I think part of the point of the article is that LLMs don't lie because they are designed to just give you the next work based on making a credible sounding sentence or sequence of sentences. Expecting it to do more is an expectations problem based on the hype around GenAI.

I don't think we have the correct word for what LLMs do but lie and hallucinations are not really correct.


Saying "I don't know" doesn't require too much of a change. This isn't a different mode of operation where it's introspecting about its own knowledge - it's just the best continuation prediction in a context where the person/entity being questioned is not equipped to answer.

LLMs create quite deep representations of the input on which they based their next word prediction (text continuation), and it has been proved that they already sometimes do know when something they are generating is low confidence or false, so maybe with appropriate training data they could better attend to this and predict "I don't know" or "I'm not sure".

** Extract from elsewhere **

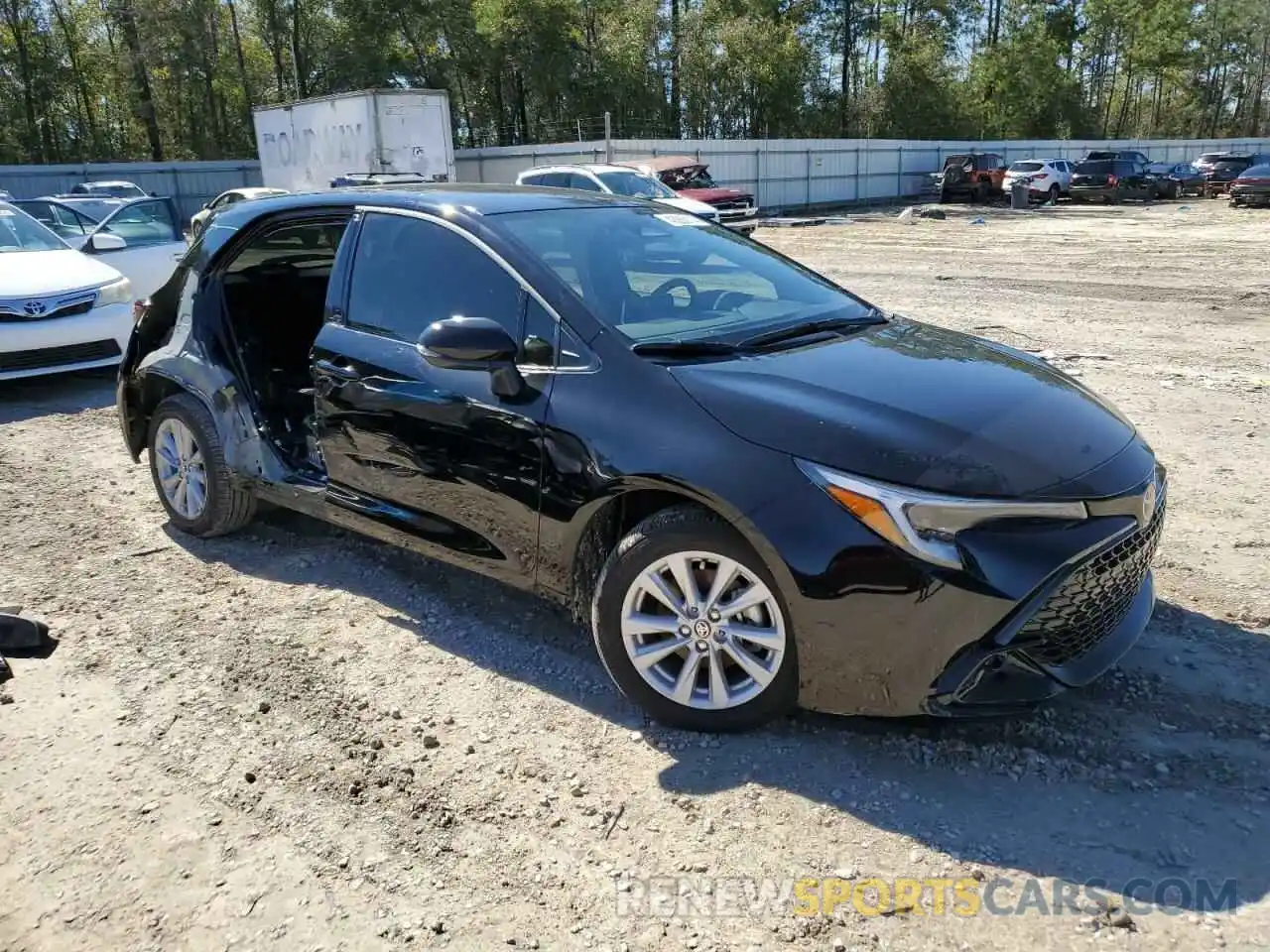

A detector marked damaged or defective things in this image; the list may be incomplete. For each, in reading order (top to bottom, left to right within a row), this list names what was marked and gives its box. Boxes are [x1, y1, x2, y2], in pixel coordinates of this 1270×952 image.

damaged black car [114, 187, 1163, 736]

To improve the ability of LLMs to answer like this requires them to have a better idea of what is true or not. Humans do this by remembering where they learnt something: was it first hand experience, or from a text book or trusted friend, or from a less trustworthy source. LLMs ability to discern the truth could be boosted by giving them the sources of their training data, maybe together with a trustworthiness rating (although they may be able to learn that for themselves).


I think hallucination is pretty close. It represents what happens when you give an answer based on what you think you remember even if that memory is not correct.

How many people would agree that P.T. Barnum said “There’s a sucker born every minute”? That would be a hallucination.

The quote is from Adam Forepaugh.


The best argument I have found against using lie or hallucination for describing LLM's actions is that it humanizes them to people who don't know the inner workings of LLMs. Saying they lie gives intent which is pretty bad but even hallucination humanizes them unnecessarily. Bullshitting seems the best word to describe it but even then intent can be assumed when there isn't any.


I said "confabulate" in my original post. "Confabulation" is a neurological symptom commonly seen in dementia patients, where a person isn't telling the truth because of errors in memory formation/recall or some other non-psychological problem in the brain. In particular, people who confabulate aren't aware their words are false and therefore it doesn't make sense to say that they're "lying." Likewise it's a problem with memory, not perception, so "hallucination" doesn't work either.

"Confabulation" still isn't great because humans confabulate with non-verbal memories and then express those confabulations in words; human confabulation mostly affects biographical memory, not subject matter knowledge. But considering how weird it is to even be talking about "memory" with a being that isn't aware of the passage of time, I think "confabulate" is the best option short of inventing a brand new word.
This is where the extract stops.